Burası Neresi? Edirne’de yer alan eski konaklar arasındaki Hafızağa Konağı, kültürel Türk evi mimari özelliklerine sahiptir. Tarihi açıdan önemli bir yere sahip olan konak, İttihat ve Terraki Cemiyeti’nin gizli olarak toplantılarının yapıldığı yerdir. Talat Paşa ve arkadaşlarının önemli toplantılarının yapıldığı bu konak, 2002 senesinde Edirne Valiliği tarafından onarım çalışmaları yapılarak kent müzesi olarak faaliyete açılmıştır. Selimiye Cami’nin UNESCO Dünya Miras Listesi’ne girmesiyle UNESCO Bürosu olarak kullanılmaktadır. Tarihe meydan okuyan Hafızağa Konağı, günümüze sapa sağlam gelmiş olup, daha yıllarca ayakta duracağının sinyallerini şimdiden veriyor.

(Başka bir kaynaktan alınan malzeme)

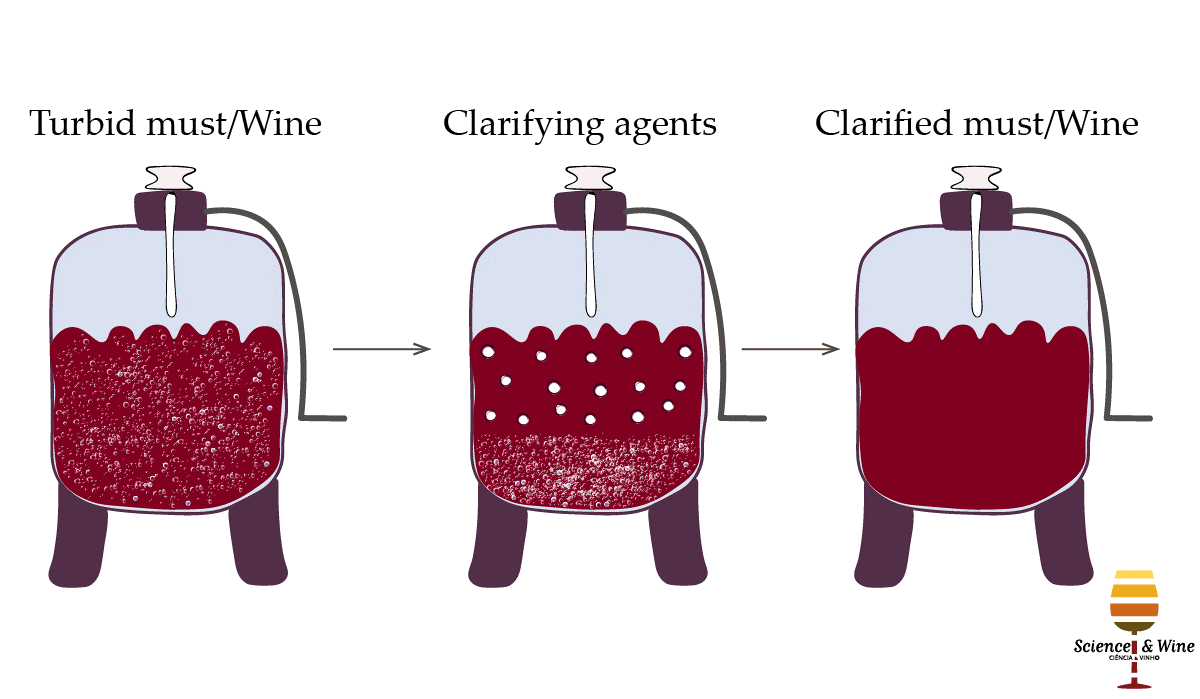 Wine Making Process The Science Notes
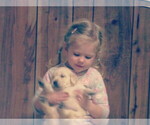 Small #1 Breeder Profile image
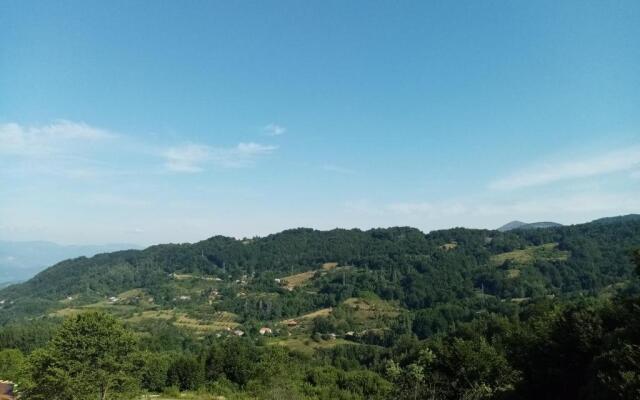 Pčelica L15 Milmari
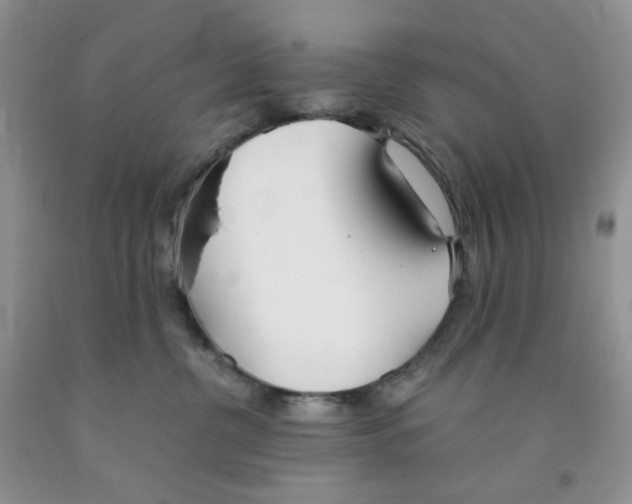 X0000091300380200709071058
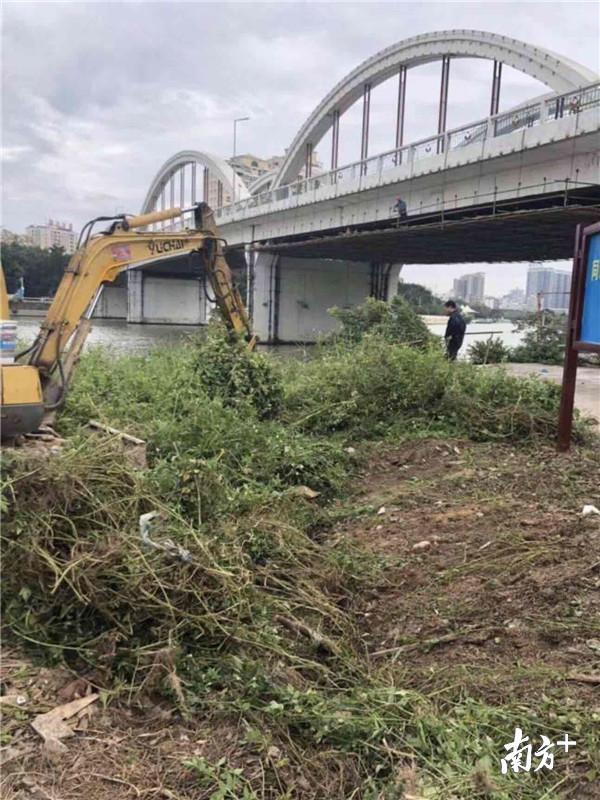 枝江市卫生健康局新项目，健康城市建设的里程碑事件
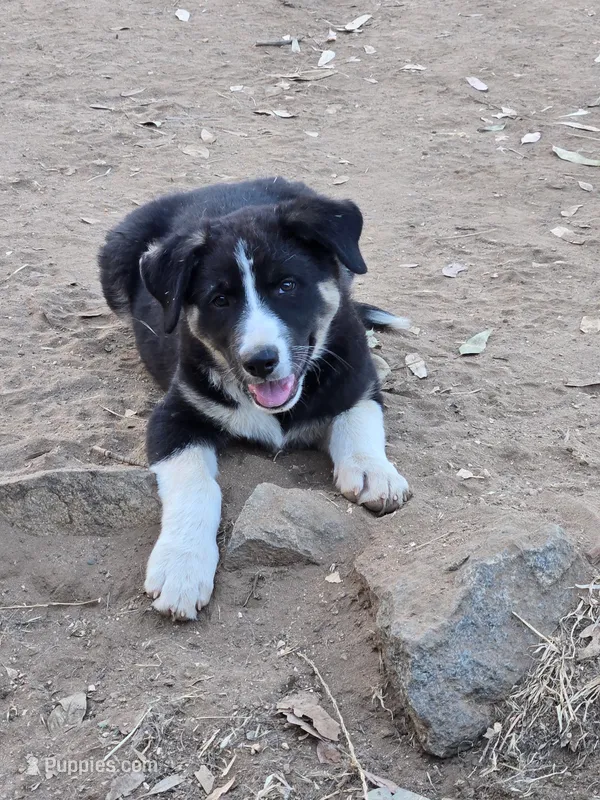 Male #2 – Australian Shepherd, German Shepherd Dog puppy for sale in Ramona, CA
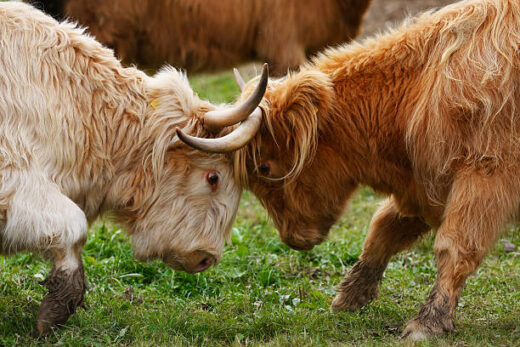 Highland Cow Horns (history, purpose, and more)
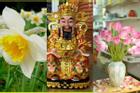 Ngày Tết: 5 loại hoa 'Thần Tài' nên đặt trên bàn thờ để năm mới tài lộc đổ về như vũ bão
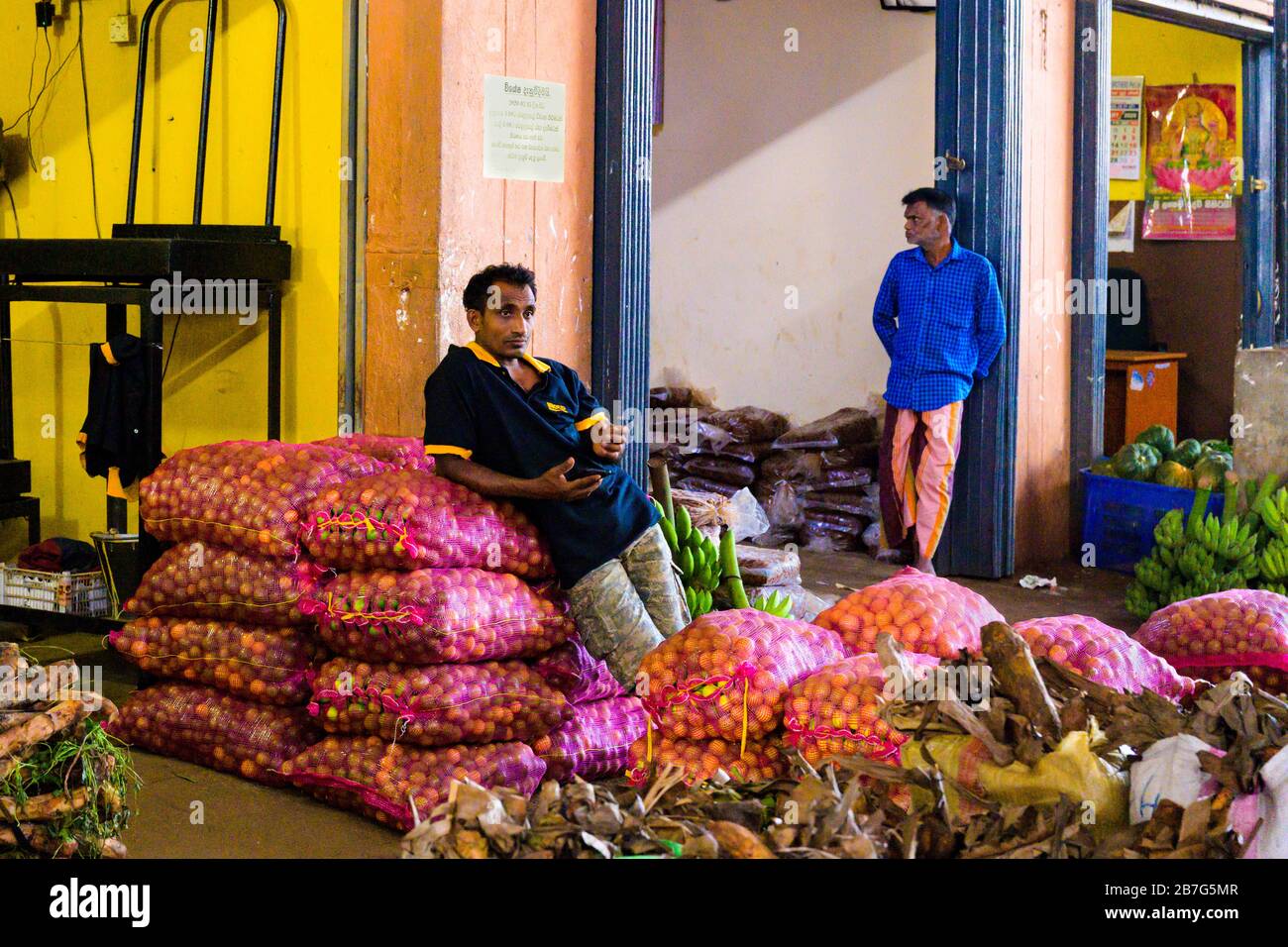 South Asia Sri Lanka Ceylon Dambulla Economic Centre Center wholesale vegetable & fruit market vendor leaning piles red plastic sacks bananas apples Stock Photo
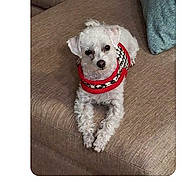 Qtip is registered to the contest to win money with this photo: animal, beige, comment_section, couch, cozy, curious, dog, fabric, fur, indoor, looking_at_camera, maltichon, pet, red_sweater, resting, small_dog, social_media, text_overlay, website_screenshot, white_dog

Burası Neresi? Tunca Irmağı’nın iki kolu arasında konumlanan Sarayiçi bölgesinde yer alan Tavuk Ormanı’nda yer alıyor. Edine Sarayı’na yapılmış olan ilave yapılardan bir tanesi olan Avcı Mehmet adıyla da bilinen IV. Mehmet Köşkü, 1671 yılında inşa edilmiştir. Günümüzde bir kısmı ayakta olup, 2002 senesinde onarım çalışmaları yapılarak turizm amacıyla kullanılmaya devam edilmektedir.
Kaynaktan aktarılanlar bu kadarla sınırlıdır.